Non-discrimination laws are a good example. The state has an interest in keeping the economy booming by having as many people as possible participating in the public sphere, so disallowing discrimination based on immutable traits (race/ethnicity, sex, sexual orientation, age, etc.) benefits that interest. Such laws would also help people who would face such discrimination enter the public sphere with less fear of being booted from it, which can improve their societal relationships and thus society as a whole. Public-facing business owners who would discriminate on such grounds will feel the effects of the law more, as they would be barred from such discrimination in the future, but the state’s broader interest in both the economy and the improvement of society would need to override a businessperson’s desire to say “no Blacks” or something similar. Non-discrimination laws, then, would favor the state—giving them the power to punish business owners for certain kinds of discrimination—while abridging a freedom of a small part of the populace to benefit a greater number of citizens. If the balance of such a law were a see-saw, the law would sit close to the middle, but always on the side of the state.

Anonymous Coward says:

Re: Re: Re:5 Re:

If we based our laws specifically by the straightforward text of the Constitution, defamation laws wouldn’t be a thing (First Amendment)
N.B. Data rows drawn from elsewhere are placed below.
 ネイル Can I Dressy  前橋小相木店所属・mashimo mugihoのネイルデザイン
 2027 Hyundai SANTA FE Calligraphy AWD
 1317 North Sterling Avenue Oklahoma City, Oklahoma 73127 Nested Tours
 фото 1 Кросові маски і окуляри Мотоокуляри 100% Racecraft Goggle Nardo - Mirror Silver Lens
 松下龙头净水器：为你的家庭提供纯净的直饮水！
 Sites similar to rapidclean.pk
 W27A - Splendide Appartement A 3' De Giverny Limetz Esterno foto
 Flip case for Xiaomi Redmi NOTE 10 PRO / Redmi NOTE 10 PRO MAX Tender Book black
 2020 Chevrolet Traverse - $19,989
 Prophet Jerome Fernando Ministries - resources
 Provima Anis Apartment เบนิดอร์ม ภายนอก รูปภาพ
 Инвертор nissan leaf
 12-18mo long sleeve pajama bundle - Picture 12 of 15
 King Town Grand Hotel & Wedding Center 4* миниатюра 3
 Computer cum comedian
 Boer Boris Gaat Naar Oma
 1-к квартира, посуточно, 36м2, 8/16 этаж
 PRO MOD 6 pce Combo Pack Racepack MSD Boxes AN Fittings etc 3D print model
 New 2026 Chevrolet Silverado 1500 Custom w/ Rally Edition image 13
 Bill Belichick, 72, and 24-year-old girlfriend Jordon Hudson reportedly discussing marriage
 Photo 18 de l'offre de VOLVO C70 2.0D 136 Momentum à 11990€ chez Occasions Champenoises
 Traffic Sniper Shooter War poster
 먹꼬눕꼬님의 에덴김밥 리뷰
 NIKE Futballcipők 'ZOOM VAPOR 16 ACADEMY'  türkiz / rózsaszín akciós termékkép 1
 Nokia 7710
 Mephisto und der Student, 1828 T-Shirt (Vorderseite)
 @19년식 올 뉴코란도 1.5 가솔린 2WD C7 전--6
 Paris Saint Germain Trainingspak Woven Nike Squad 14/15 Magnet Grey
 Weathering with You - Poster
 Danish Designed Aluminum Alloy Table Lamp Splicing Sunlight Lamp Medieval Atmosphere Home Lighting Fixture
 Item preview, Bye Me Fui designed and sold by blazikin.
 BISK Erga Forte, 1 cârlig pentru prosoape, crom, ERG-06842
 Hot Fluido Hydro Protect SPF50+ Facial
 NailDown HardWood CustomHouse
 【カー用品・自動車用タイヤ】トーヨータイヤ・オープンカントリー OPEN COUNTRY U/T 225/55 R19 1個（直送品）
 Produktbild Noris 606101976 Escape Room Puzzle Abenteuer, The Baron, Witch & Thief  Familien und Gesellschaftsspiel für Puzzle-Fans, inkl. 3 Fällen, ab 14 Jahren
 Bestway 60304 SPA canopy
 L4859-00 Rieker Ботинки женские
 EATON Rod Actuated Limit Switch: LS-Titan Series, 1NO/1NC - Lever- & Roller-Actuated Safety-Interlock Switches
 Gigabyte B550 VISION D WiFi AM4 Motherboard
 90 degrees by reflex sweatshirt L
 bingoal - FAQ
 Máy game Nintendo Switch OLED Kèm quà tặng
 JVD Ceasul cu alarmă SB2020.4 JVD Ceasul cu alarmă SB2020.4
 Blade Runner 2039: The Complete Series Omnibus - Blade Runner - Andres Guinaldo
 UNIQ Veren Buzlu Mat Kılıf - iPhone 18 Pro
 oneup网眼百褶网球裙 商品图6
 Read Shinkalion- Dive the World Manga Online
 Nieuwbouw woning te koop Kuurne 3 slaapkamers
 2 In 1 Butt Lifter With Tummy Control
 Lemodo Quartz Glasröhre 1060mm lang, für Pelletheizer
Right, that why I said courts have ignored the first amendment all along. The text makes it clear that defamation laws are illegal.

and private citizens being able to own a gun wouldn’t be a thing (Second Amendment).

If you mean the militia part, you’re misreading it. It’s only a justification; the right is specifically reserved to the people.

Stephen T. Stone (profile) says:

Re: Re: Re:6 Re:

courts have ignored the first amendment all along. The text makes it clear that defamation laws are illegal.

Yet we have them precisely because they serve a compelling interest that overrides the freedoms guaranteed by the First Amendment—perhaps not a compelling interest for the state, but definitely a compelling interest for the people.

If you mean the militia part, you’re misreading it.

Possibly, yes, so I’ll grant you that.

Thad (user link) says:

Re: Re: Re:3 "Exists or doesn't"

You’re mostly right, but that reference at the end to "balancing interests" isn’t really accurate in terms of First Amendment jurisprudence. Exceptions to the First Amendment are explicitly defined; the Supreme Court has acknowledged that such exceptions exist, but has rejected the premise that they can be based on balancing tests.

Anonymous Coward says:

Re: Re: "Exists or doesn't"

Free speech doesn’t mean free from consequences.

In that case, when did anyone ever not have free speech? When an agent makes their mouth disappear like in the Matrix?

You could say whatever you wanted in the Soviet Union. They might throw you in the gulag after, or kill you, but you could say it. Modern China, Thailand, same idea. More to the point, you could be hung for treason in 1776 Britain, and I think there may be a connection to the American idea of free speech here. Freedom from consequences—government consequences, anyway—was the entire idea.

Stephen T. Stone (profile) says:

Re: Re: Re: "Exists or doesn't"

Freedom from consequences—government consequences, anyway—was the entire idea.

That is what the law allows for, yes. With few exceptions, expressions of ideas and opinions are protected from government intervention. But consequences other than government intervention exist for speech considered offensive or distasteful—and no one is free from experiencing those.

stderric (profile) says:

Re: "Exists or doesn't"

I took this as a reference to what’s discussed in Ken White’s Trope Three: ‘Not all speech is protected’, along the lines of

…the proposed First Amendment exception it is about to discuss is plausible or constitutional because other exceptions already exist. Not so. Though First Amendment analysis can be complicated at the margins, the core exceptions to First Amendment protection are well-known and well-established.